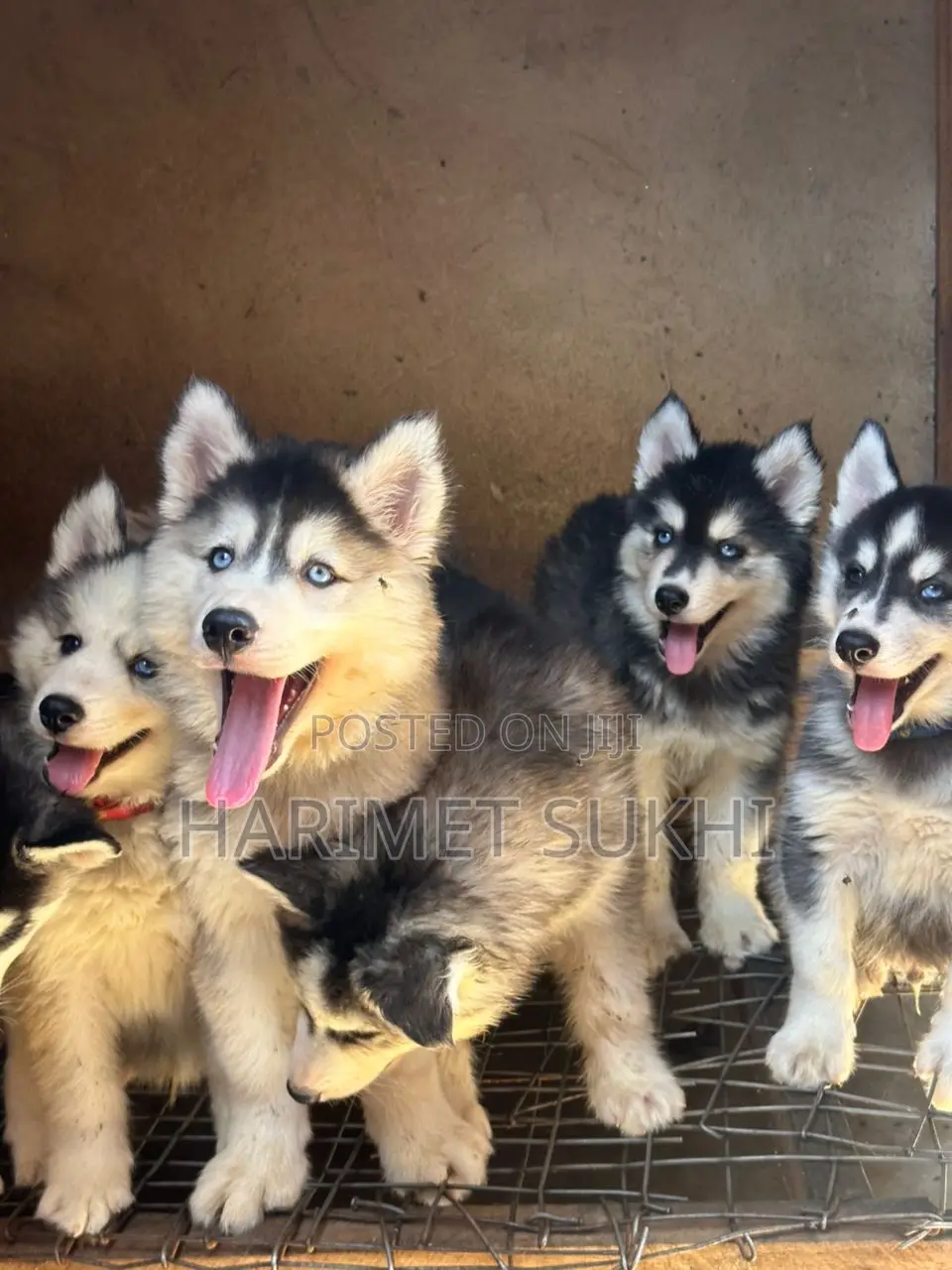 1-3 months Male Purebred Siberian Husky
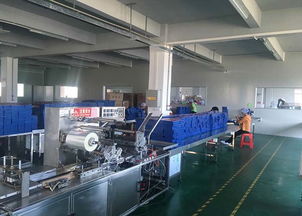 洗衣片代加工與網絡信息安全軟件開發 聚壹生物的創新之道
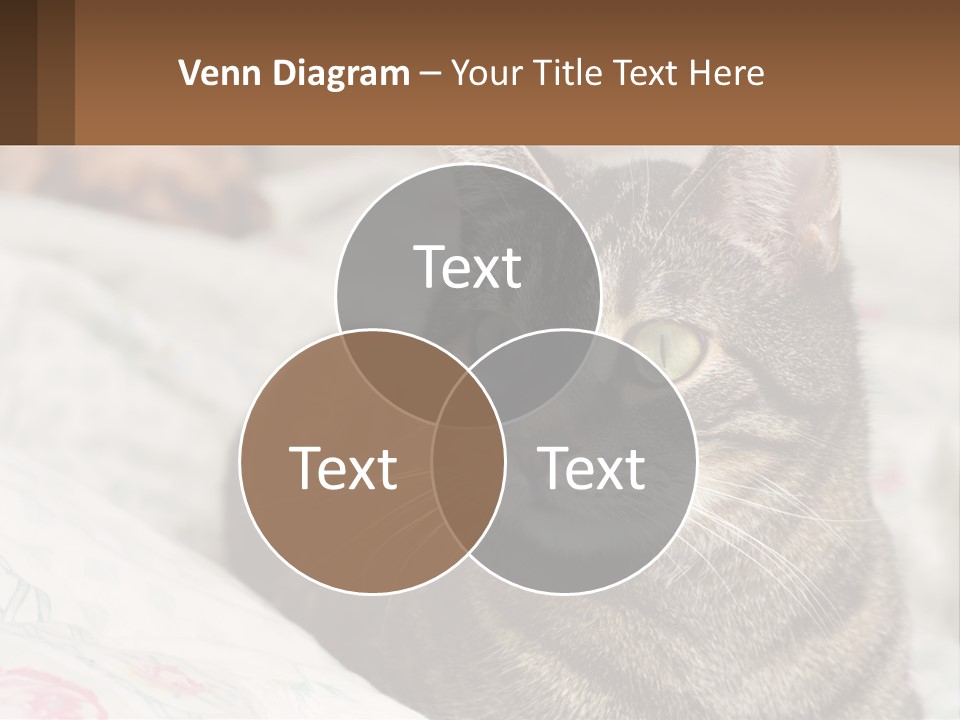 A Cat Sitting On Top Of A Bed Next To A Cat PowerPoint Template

◆ Task to carry out:
Write out the whole listing above exactly; do not include the pictures.

◆ Solution to the exercise:
 1-3 months Male Purebred Siberian Husky
 洗衣片代加工與網絡信息安全軟件開發 聚壹生物的創新之道
 A Cat Sitting On Top Of A Bed Next To A Cat PowerPoint Template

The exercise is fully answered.